I would know it was Lacey just by looking at her bones.
Out here, on the coast of California, people who have drowned will initially sink before they return to the surface. Left long enough, the body will then sink to the ocean floor once more, to be consumed by fish and crabs and sea lice. Only bones will be left behind.
This is what I have been searching for this whole time. Her bones. Lacey’s bones. My best friend’sbones. The bones that will give me closure, and allow me to truly mourn the friend I have lost at sea.
I still have guilt over not being able to find her. To help her. To save her.
This is my atonement. To find her now, after she has been lost for so long.
As I descend into the water, within which I have come to feel more at home than I ever have before, I take note of the life around me—first the tropical fish, who are skirting away from my intruding form, then the sea anemones, who flare in response to my sudden entrance. The crabs along the coral lift their eyes to view my sudden advance, and though I cannot possibly know what a crab must think, I imagine they must consider me an angel—an otherworldly figure in their midst.
But I am no angel, I know, nor am I some otherworldly figure meant to do something impossible, something life-changing. I am just a girl who survived an accident, and has been haunted by it since.
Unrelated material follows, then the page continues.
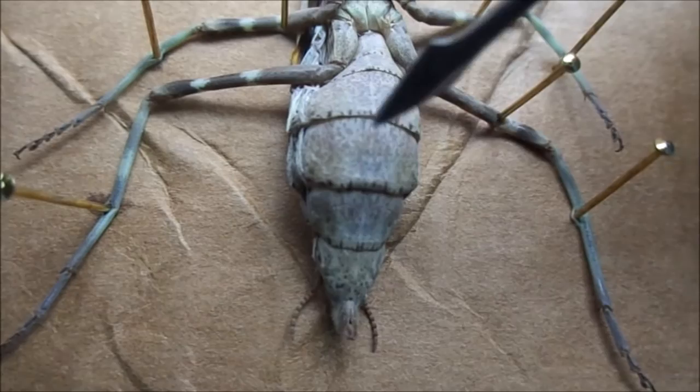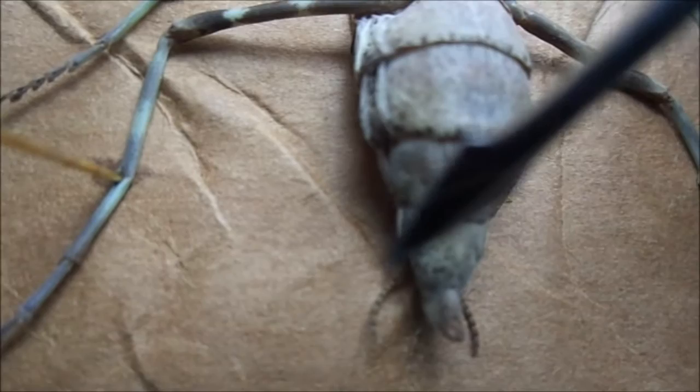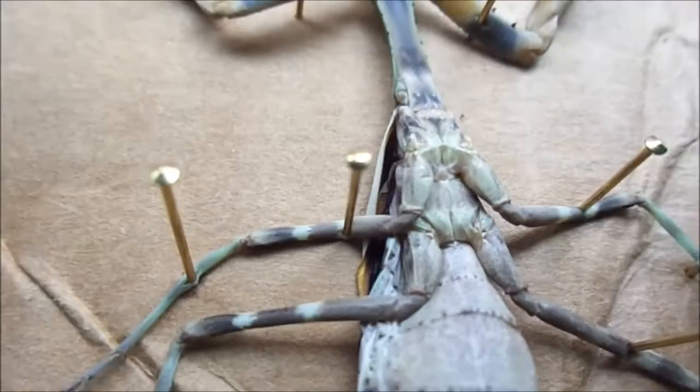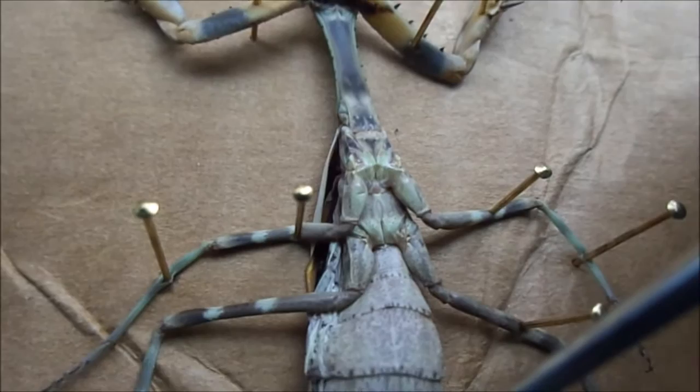Moving down the body, as I said, you can see these segments — one, two, three, four, five, six — which denotes it as a female. You have the cerci down here, which are little bobbly string things used to sense wind direction, helping the mantis take off and fly. These are pretty vestigial in this mantis because it is a bud-wing mantis, which is actually flightless. The wings, which I'll show you in a second, are completely vestigial.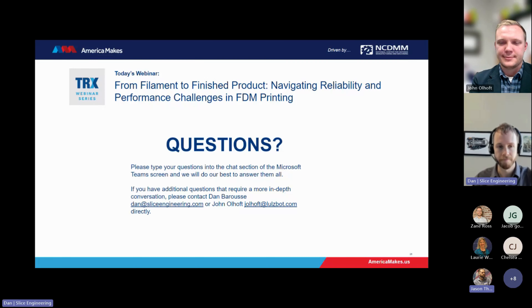Next question: does Slice Engineering make custom print heads for Prusa printers as well? Yes, we do. We have a number of custom print heads for a variety of different machines. We build them for LulzBot. We also build them for a number of other companies, ranging from pretty inexpensive models you can buy on Amazon all the way up to multi-thousand dollar systems that go on things like medical 3D printers that are validated by the FDA. You can find the Prusa systems on our website, sliceengineering.com.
Though Lacey’s ghost has never made itself known to me, I understand that she has always been with me, just waiting for me to bring her home.
The concept of finding her—of being able to truly bring her to rest—gives me pause. Understanding the finality that may occur, I stop halfway down, and am forced to gain my bearings before I continue. For this, I allow myself a few seconds to acclimate to my surroundings. I lower my eyes to the seabed below. Then, slowly, I begin to swim.
It is an act that is as defiant as it is graceful, as breathtaking as it is exhilarating. The fins upon my feet propel me forward. The respirator affixed to my mouth channels oxygen into my lungs. The goggles shield my eyes, allowing me to see the world for what it truly is.
Beautiful.
But beauty,I have discovered, is often not appreciated until it is left behind, or lost, or forcibly taken from us. Some would find that it is not cherished until it is truly gone.
I once told myself that Lacey and I would be friends forever.
Now, I know, it was never meant to be.
I fight the urge to cry. Knowing that I cannot afford to dawdle, I continue to make a sweep of the jagged coral that cuts along the ocean floor like an artery running along the ocean floor.
I know I will find them.
I know I will find Lacey Anderson’s bones.
* * *
We should have never gone out when we knew a storm could possibly roll in. As skilled kayakers, we should have known that paddling during high winds was likely to result in tragedy. But we’d told ourselves that we would be fine, that everything would be okay, and we’d disembarked with only one thing in mind: to see the coastline in all its glory.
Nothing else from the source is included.